The Mexican National Soccer Team has released a video asking fans to stop chanting “puto” at stadiums, otherwise FIFA’s policies could thwart the team’s World Cup chances.

In the video (below), various players and suits from Mexico’s National Team say:

“Do you notice all the chants in a match? Chants? There are plenty. But there is only one that can silence us — ‘puto.’ [It can] throw us out of the World Cup.

The situation is this: If you scream ‘puto,’ the referee stops the match and makes you leave the stadium. If the chants continue, the referee halts the game and he could send the players back to the locker rooms. If it happens again, the next match would be behind closed doors. If it’s with the National Team, we could lose the match.

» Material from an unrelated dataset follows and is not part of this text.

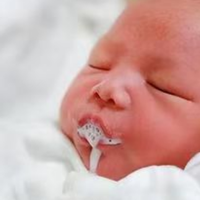 医生揭秘：小月龄宝宝总吐奶？真相不止“吃太饱”，这些坑别再踩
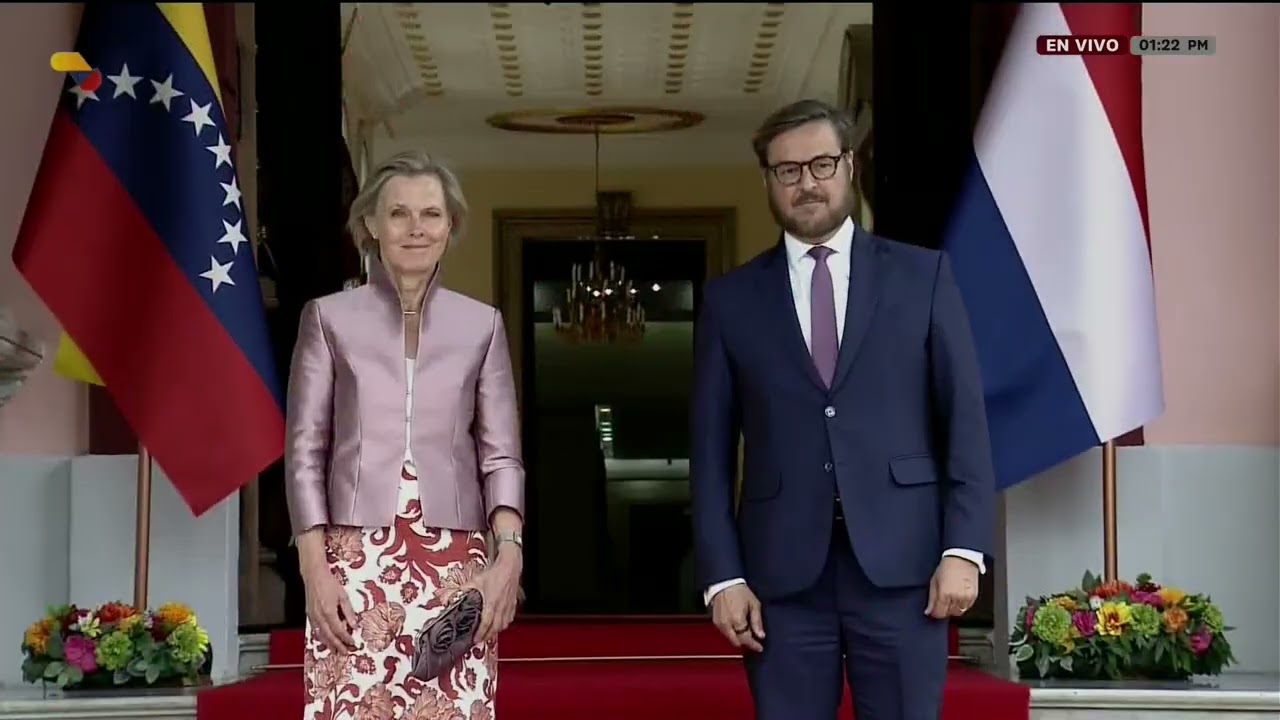 Delcy Rodríguez recibe credenciales de nueva embajadora de Países Bajos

This is serious. This is FIFA’s new rule all over the world. Because of a chant, we can be left out of the game. The World Cup means a lot for everyone. It’s the excitement of millions. Not because of a few everyone should lose. I

If you see someone swearing, point them out. We will see you at the stadium. Shout anything you want, except the chant that leaves us out of the game.”

The video ends with the hashtag #FueraDelJuego, which literally translates to “Out of the game” or “offsides,” a soccer rules that says an attacking player can’t be too close to their opponent’s goal.

Here’s the video:

FIFA’s “new” rule referenced in the video has actually been around since 2017, FIFA just re-emphasized it this last July.

Mexican soccer fans have long used “puto” as an insulting homophobic chant. But even though the word colloquially means “faggot,” in 2014, the national team’s World Cup coach defending the chants as a way to psyche-out goalies. In 2016, the Mexican Soccer Federation claimed the chant wasn’t homophobic and appealed FIFA’s fines for it.

However, in April 2016 Mexico’s national team declared the slur discriminatory and created a campaign to fight it. Then, in 2017, the Mexican Soccer Federation asked fans not to repeat the slurs, stating, “If they suspend the game or if they expel you from the stadium; we lose, you lose, we all lose.”

The request worked. During the country’s June 2017 match against New Zealand, “puto” was nowhere to be heard.